The task: Starting at the line containing "価格相談× StrayKids スキズ" and ending at the line containing "スイッチクラフト ) 3502AAU", print every line of the material below exactly, both ends included, and stop there.

Dataset records:

----------

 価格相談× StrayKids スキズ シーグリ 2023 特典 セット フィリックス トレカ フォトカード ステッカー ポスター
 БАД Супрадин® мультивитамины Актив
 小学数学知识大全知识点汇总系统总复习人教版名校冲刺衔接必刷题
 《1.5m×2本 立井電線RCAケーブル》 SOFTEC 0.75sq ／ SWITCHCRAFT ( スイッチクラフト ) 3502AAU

----------

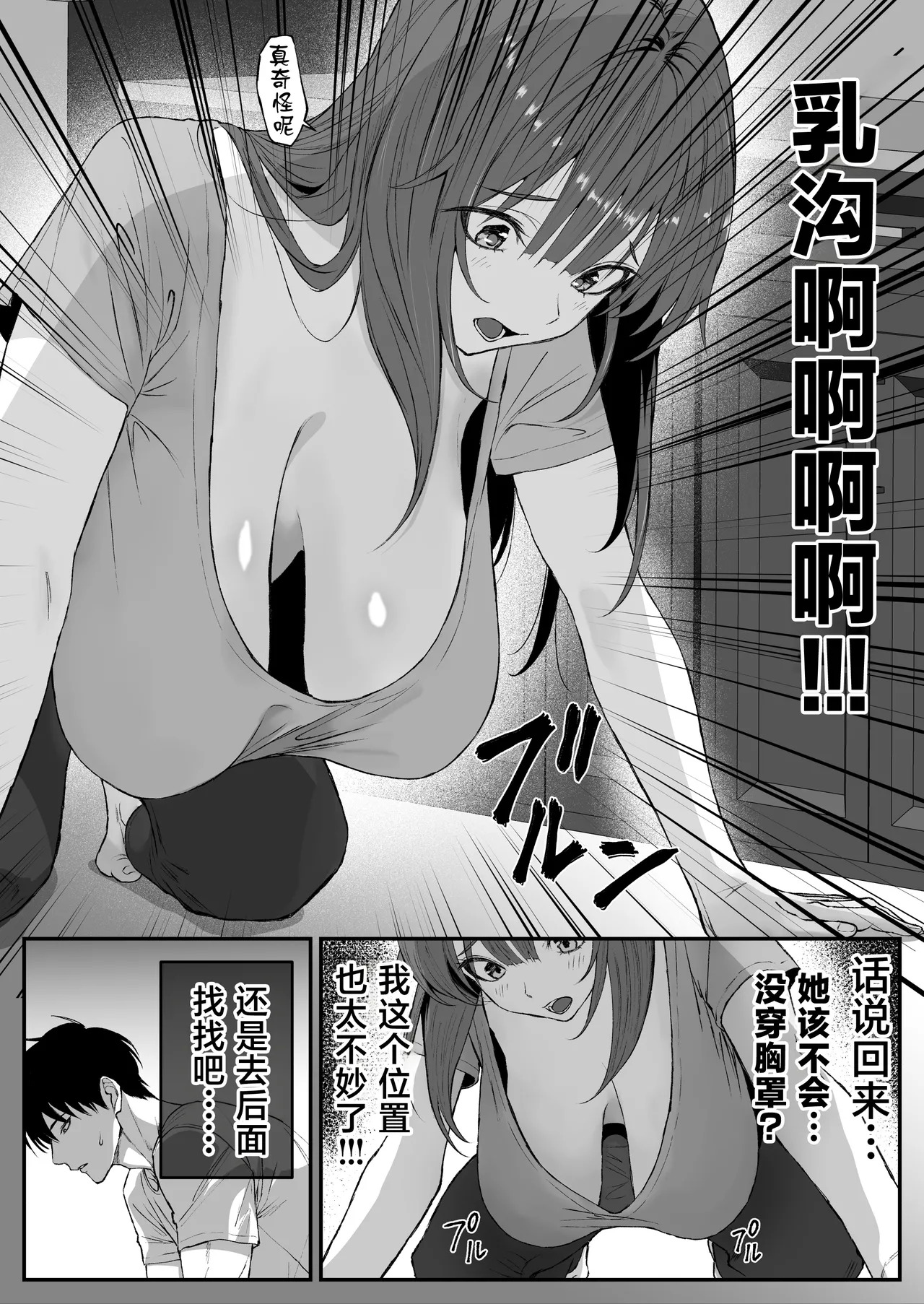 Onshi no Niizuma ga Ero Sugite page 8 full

----------

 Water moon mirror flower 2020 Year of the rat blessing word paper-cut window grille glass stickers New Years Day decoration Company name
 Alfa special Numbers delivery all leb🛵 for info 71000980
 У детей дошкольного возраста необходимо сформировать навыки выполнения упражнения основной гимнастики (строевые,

----------

Your response:
 価格相談× StrayKids スキズ シーグリ 2023 特典 セット フィリックス トレカ フォトカード ステッカー ポスター
 БАД Супрадин® мультивитамины Актив
 小学数学知识大全知识点汇总系统总复习人教版名校冲刺衔接必刷题
 《1.5m×2本 立井電線RCAケーブル》 SOFTEC 0.75sq ／ SWITCHCRAFT ( スイッチクラフト ) 3502AAU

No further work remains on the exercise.